Not that I'm dissing all the people who love and wear Complex. I'm not. I'm dissing Complex itself. There's a huge difference. Love the sinner, hate the sin, repent and ye shall be saved -- that kind of thing.

Alleged scent notes for Boadicea the Victorious Complex are: violet, labdanum, leather, musk, civet, basil and sage -- all of which my nose interprets as kerosene, broken down lawn mower, rusted oil can, trash bag full of moldering recyclables and singed electrical wiring. And lest you think I'm not giving Complex a chance, I put this stuff on three hours ago. It's as bad (or worse!) now than when it started out, which is saying something, since my nose threw up a little when I first put it on.

I didn't even know that noses were capable of throwing up. Now, thanks to Boadicea the Victorious, I'm a more self-aware human being. That's something, at least.

MARK BUXTON BLACK ANGEL: As much as I disliked Boawhatever's Complex, I liked Mark Buxton's Black Angel. Which is kind of funny, because just about any other perfume blog you'll read descended into grumpy snit-fits when the Mark Buxton line was first released late last year. For example:

Perfume Posse: "Despite the list of notes, they don't feel entire to me, although skimpy isn't quite right either.
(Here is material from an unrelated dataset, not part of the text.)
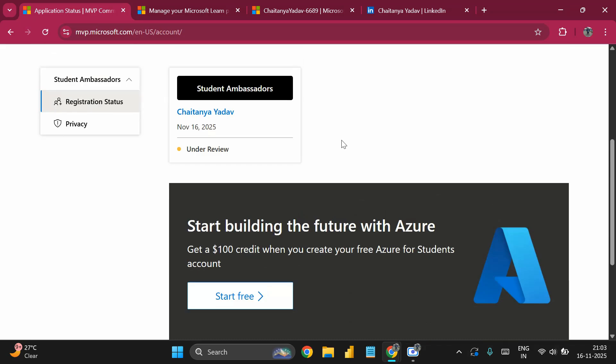I hope everyone understood the whole process. The program offers great benefits: you'll learn from various programs, develop leadership skills, guide students on Azure, and gain learning opportunities for yourself and others. You'll also receive credits from Microsoft to explore Azure. Thank you so much for watching!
They feel like sketches . . . With most of these, I ended up feeling like I'd opened up some giant box of ideas and found a very small bar of soap inside. Nice soap, but soap nonetheless."
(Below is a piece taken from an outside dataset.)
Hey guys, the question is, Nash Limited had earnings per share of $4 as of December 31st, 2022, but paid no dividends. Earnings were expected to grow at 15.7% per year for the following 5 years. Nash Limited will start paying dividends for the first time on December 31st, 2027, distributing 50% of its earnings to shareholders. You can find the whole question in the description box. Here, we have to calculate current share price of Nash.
My favorite part of the above review? "I'm not opposed to ridiculous fragrance agendas like Humiecki & Graef - and wow, did Christophe Laudamiel hit the ball out of the park on those. I don't want to own any of them, but there's no denying their interest as fragrances." In other words -- "We're so disappointed with you, Mark Buxton. Why won't you wow us with daring scents we have zero interest in purchasing?!"

*snort*

So let me set the record straight: Mark Buxton's Black Angel is a solid, well-crafted effort that may not hack your delicate psyche into brilliant little bits and serve them skewered on the tips of titanium toothpicks to your novelty-famished party guests, but what it does do is provide the less jaded among us with an opportunity to experience the incense maestro at his warm, casual, comfortable best (Buxton is often recognized for his work with creative yet accessible smoky fragrances -- Comme des Garcons Ouarzazate; Comme des Garcons 2; Elternhaus Moslbuddjewchristhindao; Jil Sander Scent 79 Man and Le Labo Vetiver 46 are just a few).
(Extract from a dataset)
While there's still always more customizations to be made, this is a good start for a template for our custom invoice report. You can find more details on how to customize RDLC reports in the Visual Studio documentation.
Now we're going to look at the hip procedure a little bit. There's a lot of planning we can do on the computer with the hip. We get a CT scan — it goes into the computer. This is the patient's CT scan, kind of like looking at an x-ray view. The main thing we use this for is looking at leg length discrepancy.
Scent notes for Black Angel are: citrus, bergamot, mandarin, orange, rosemary, ginger, cardamom, coriander, nutmeg, jasmine, lily of the valley, orris, styrax, guaiac and patchouli. Sounds nice, doesn't it? It is. The opening citrus is subtle and controlled, wrapped snugly in a deft layer of spices (I'm a sucker for his use of nutmeg); the orris and jasmine do a point-counterpoint throughout the background (high and bright vs. throaty and soothing) while the styrax, guaiac and patchouli trinity bringing up the drydown is about as ridiculously wearable a woodsy smokescreen as you've ever encountered.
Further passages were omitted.